El dinero no compra la belleza ni tampoco puede pagar el amor, pero sí proporciona alimentos, aunque a un precio tal, debido a la carestía, que muchos días durante ese invierno Inés almorzó pan y cenó migas, sin otro aderezo que unos ajos fritos en grasa de tocino. Ni que decir tiene que, en esas condiciones extremas, la mayor parte de sus trabajadoras pasó necesidad. Todas excepto Sancha, quien parió a una criatura en cuyo color de ojos jamás reparó su padre, para bien de todos. Ella dejó el obrador y pasó a vivir como una gran señora, dado que su marido panadero se convirtió prácticamente de la noche a la mañana en uno de los hombres más ricos del pueblo gracias a que había sido previsor y tenía cuantiosas reservas de harina, más valiosa en esa coyuntura que el mismo oro. Entre las menos afortunadas no faltaron las que optaron por el camino más fácil, o acaso el último recurso. El único que estaba a su alcance para dar de comer a sus hijos: la prostitución.
Nunca se había visto en Barbastro que mujeres decentes vendieran sus cuerpos a cambio de cuatro perras, pero durante ese tiempo aciago ocurrió, con el consentimiento de muchos esposos condenados al silencio.

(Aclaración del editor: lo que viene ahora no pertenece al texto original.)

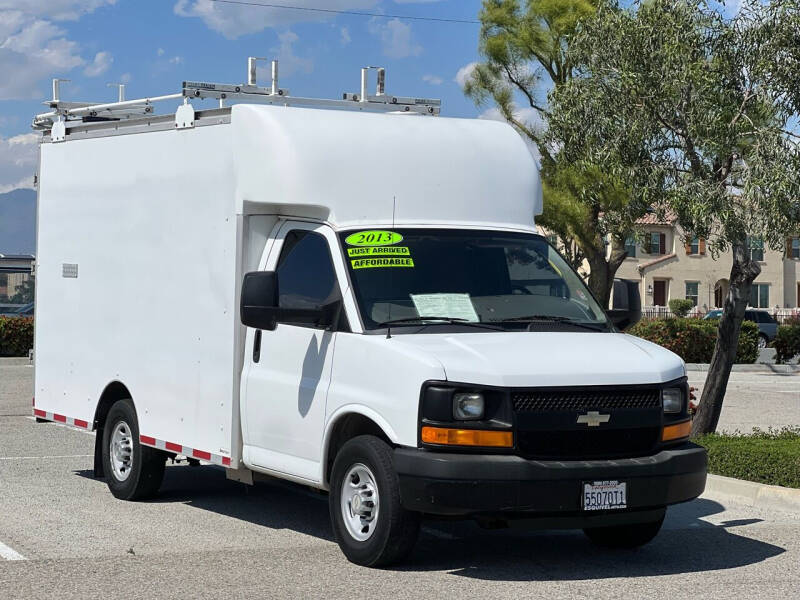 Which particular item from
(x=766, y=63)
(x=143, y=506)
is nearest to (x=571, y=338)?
(x=143, y=506)

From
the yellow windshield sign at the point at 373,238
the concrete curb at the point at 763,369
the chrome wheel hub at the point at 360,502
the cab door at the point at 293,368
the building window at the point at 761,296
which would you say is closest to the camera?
the chrome wheel hub at the point at 360,502

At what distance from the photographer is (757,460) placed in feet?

La gente veía y murmuraba, sin atreverse a condenar con demasiada severidad lo que en circunstancias distintas habría sido motivo de repudio fulminante. Las penalidades extremas sacan de las personas lo peor y lo mejor también, siempre que haya algo bueno que obtener de ellas. En caso contrario, la adversidad barre la pátina de humanidad con que las leyes de Dios y de los reyes han recubierto esas almas negras, hasta devolverles la condición bestial que les es propia…
Ocurrió una tarde de ventisca en que los cristales de nieve helada se clavaban en la piel y en los ojos como cuchillos. La furia del invierno era tal que resultaba imposible caminar y mucho menos cabalgar. Casi todo el mundo permanecía encerrado en su casa, rogando al Señor que perdonara de una vez las ofensas de sus hijos y se dignara mostrarles su rostro misericordioso. Sólo un infanzón de la comarca, de paso por la ciudad, aguardaba en la taberna a que escampara la tormenta, ahogando la impaciencia en vino. Y llevaba ya más de una jarra. Esa fue la razón por la cual, según explicó él más tarde, cedió a la tentación del diablo, encarnado en el cuerpo de la muchacha que le servía, y la poseyó allí mismo, en presencia del tabernero, que era el padre de la desflorada. Según él, ella le provocó meneando las caderas como hacen las rameras expertas, a la vez que le confundía con palabras melosas. De haber estado sobrio, adujo en su defensa, se habría resistido como el buen cristiano que era, rechazando a Satanás, quien le probaba a través de esa hembra voluptuosa. El alcohol, aliado al influjo maligno de la joven, fueron, concluyó, su perdición.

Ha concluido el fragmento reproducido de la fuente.